Android #7: best actor

While I’m waiting to see Match Point and Transamerica, I’ll go ahead and give the best actor ANDROID as those don’t have actors touted as something that might be award worthy. First the contenders…

Terrance Howard for Crash and Hustle and Flow. Howard burst onto the radar in 2005 with these two electric roles from two films I really loved. His smooth talking Memphis pimp in Hustle and Flow is the Rocky Balboa of pimp-rap films.

Daniel Day-Lewis for The Ballad of Jack and Rose. The film is flawed and a bit naïve, the performance of Day-Lewis however, was up to his usual standards of brilliance. The saddest thing about Day-Lewis is he just doesn’t act much anymore. He’d rather be off in Italy learning to make shoes or some other intense hobby. The man is just the best actor to grace the screen the past 20 years in my opinion.

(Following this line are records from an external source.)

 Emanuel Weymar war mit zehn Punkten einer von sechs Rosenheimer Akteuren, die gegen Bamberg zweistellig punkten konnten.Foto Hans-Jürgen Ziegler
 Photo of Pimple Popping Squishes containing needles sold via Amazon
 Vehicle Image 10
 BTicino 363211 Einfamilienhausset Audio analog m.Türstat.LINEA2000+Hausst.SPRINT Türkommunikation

Jeff Daniels for The Squid and the Whale and Good Night, And Good Luck. Another dual role nominee is long time favorite Daniels, who is starting to really amass a varied list of roles in his career. In Squid, he grows a massive beard and delivers one of the best performances of his career. In Goodnight, he proves he can deliver a measured, small, character role with the best of them.

Robert Downey Jr. for Kiss Kiss Bang Bang and Good Night, And Good Luck. Downey is another double role nominee along with Howard and Daniels. Good Night’s entire cast was great and Downey has a terrific, small part but it’s Kiss Kiss Bang Bang that really sees him in his element as a fast talking criminal pretending to be an actor lost in the Hollywood muck.

And the ANDROID goes to…

Philip Seymour Hoffman for Capote. So good is Hoffman playing Truman Capote that this was an easy one for me. I’ve been a fan of Hoffman’s since I saw him in 1992’s Scent of A Woman and try to watch everything he does. Who could forget his role as Dusty in the classic guilty pleasure Oklahoma weather flick Twister? I’ll even go see Mission Impossible 3 hoping that Hoffman gets to kill “Grinnin’” Tom Cruise as he’s playing the heavy in that film. But the 5-4 Cruise will save the day to go convert more people to Scientology and rail against psychiatry.

From the first seconds of Capote, Hoffman is in complete control in a complicated and deep role as the conflicted author who gets too close to his subjects. It’s a mesmerizing and difficult performance that is never just Hoffman copying Capote’s uniqueness—he crafts a complex character, as Hoffman often does, that buries into you as the film develops. It’s the best role of his career and Hoffman is up for the challenge.